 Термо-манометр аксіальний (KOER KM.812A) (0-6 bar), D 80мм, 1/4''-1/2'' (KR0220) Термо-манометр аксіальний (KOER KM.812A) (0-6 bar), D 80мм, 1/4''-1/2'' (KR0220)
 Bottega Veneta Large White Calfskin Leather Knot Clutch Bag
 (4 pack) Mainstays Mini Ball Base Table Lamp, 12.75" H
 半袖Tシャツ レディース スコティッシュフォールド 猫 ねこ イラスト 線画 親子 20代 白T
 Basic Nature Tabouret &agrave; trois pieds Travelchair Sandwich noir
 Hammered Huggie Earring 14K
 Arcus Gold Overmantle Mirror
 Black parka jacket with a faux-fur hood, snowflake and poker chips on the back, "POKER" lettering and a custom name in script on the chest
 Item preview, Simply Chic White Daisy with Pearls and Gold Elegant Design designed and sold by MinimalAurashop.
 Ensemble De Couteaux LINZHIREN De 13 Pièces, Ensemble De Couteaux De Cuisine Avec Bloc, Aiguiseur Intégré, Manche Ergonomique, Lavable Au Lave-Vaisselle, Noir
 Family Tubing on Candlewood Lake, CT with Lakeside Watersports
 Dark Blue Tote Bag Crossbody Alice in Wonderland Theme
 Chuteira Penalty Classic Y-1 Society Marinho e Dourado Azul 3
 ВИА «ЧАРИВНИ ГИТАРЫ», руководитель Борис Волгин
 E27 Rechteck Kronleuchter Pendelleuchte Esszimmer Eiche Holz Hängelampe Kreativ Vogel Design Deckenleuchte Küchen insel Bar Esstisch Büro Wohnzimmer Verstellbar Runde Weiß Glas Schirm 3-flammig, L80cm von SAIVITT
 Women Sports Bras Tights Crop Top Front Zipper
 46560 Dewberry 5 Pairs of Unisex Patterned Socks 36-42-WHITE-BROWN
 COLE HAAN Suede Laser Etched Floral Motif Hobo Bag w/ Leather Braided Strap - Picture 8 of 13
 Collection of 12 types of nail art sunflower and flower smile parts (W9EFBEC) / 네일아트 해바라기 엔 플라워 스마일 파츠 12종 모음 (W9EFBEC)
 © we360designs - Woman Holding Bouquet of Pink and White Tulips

::::

Lines from the top of the data above through the line containing "半袖Tシャツ レディース スコティッシュフォールド" must be repeated exactly. All other lines stay out.

* **Solution to the problem**:
 Термо-манометр аксіальний (KOER KM.812A) (0-6 bar), D 80мм, 1/4''-1/2'' (KR0220) Термо-манометр аксіальний (KOER KM.812A) (0-6 bar), D 80мм, 1/4''-1/2'' (KR0220)
 Bottega Veneta Large White Calfskin Leather Knot Clutch Bag
 (4 pack) Mainstays Mini Ball Base Table Lamp, 12.75" H
 半袖Tシャツ レディース スコティッシュフォールド 猫 ねこ イラスト 線画 親子 20代 白T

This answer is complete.